Given records:
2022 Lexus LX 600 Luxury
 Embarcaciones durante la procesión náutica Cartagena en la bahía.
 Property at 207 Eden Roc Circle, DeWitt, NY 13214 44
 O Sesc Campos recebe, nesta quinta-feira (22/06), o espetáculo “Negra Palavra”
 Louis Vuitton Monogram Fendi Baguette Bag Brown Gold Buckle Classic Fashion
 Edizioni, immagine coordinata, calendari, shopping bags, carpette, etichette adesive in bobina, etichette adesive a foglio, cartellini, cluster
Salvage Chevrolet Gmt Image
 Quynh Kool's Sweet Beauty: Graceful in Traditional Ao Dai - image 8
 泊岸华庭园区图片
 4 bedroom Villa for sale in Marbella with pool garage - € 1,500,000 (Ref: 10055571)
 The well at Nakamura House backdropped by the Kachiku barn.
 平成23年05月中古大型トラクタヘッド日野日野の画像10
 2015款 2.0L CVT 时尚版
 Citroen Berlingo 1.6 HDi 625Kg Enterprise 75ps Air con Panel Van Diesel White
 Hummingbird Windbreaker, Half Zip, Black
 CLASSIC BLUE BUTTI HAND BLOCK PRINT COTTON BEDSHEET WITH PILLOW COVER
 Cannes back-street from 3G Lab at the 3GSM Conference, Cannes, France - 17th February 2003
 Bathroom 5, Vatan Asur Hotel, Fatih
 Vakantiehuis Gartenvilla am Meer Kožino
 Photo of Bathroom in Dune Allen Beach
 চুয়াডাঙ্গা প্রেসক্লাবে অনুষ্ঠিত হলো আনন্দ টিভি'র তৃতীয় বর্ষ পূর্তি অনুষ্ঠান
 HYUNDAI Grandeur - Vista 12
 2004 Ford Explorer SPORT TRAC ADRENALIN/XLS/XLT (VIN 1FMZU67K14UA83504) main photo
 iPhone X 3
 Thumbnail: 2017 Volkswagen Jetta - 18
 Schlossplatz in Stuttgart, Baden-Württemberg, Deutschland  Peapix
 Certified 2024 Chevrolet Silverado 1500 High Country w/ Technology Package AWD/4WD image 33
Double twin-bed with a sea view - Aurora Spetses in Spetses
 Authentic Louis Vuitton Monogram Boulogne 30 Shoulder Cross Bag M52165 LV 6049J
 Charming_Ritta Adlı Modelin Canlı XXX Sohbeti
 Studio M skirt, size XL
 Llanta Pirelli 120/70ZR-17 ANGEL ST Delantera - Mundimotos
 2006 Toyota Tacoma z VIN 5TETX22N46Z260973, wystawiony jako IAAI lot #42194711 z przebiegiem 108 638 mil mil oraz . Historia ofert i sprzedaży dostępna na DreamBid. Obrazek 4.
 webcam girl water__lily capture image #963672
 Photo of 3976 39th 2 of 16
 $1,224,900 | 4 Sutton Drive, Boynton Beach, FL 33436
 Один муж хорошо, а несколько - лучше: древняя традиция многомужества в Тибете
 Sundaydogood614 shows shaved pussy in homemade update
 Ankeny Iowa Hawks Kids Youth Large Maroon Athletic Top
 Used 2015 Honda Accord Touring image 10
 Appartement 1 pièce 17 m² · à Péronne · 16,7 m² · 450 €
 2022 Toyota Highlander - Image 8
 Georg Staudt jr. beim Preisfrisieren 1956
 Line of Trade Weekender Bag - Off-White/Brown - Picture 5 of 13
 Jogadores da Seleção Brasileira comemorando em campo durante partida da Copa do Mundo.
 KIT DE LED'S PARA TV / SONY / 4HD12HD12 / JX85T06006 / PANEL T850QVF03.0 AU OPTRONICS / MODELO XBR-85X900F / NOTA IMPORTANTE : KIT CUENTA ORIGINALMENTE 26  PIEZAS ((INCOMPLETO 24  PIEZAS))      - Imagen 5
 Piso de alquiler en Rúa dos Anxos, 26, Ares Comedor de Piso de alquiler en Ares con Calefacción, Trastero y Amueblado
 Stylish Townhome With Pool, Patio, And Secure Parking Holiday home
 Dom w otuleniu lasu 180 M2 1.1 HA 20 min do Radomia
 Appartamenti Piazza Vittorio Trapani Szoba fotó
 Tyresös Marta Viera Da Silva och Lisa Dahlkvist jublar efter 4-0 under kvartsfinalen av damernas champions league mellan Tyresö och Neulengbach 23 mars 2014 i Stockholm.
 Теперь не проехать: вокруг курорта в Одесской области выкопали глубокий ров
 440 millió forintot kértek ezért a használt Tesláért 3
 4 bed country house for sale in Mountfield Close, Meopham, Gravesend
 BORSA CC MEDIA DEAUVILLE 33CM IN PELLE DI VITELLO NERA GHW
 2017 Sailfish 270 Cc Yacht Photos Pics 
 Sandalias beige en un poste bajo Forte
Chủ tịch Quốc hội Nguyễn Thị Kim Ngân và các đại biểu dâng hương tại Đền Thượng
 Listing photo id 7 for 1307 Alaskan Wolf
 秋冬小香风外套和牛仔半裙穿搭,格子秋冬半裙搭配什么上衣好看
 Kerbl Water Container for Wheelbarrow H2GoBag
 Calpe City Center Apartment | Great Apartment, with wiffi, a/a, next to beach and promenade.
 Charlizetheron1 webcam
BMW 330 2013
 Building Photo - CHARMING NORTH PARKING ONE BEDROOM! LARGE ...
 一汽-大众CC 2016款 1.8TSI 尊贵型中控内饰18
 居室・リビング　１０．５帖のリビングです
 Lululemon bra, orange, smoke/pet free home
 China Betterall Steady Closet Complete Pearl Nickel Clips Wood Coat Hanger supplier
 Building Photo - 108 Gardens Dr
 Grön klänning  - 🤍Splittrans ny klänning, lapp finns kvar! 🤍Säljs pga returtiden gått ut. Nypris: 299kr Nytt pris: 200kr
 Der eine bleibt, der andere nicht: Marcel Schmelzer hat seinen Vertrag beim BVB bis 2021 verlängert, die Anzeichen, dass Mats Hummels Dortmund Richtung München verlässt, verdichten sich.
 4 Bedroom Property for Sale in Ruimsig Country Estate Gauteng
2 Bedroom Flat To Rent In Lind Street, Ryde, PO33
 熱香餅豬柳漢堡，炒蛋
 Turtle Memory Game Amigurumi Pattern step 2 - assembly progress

Exercise prompt: Above are the entries; copy out every line among them that contains the word "Louis".

Written reply:
 Louis Vuitton Monogram Fendi Baguette Bag Brown Gold Buckle Classic Fashion
 Authentic Louis Vuitton Monogram Boulogne 30 Shoulder Cross Bag M52165 LV 6049J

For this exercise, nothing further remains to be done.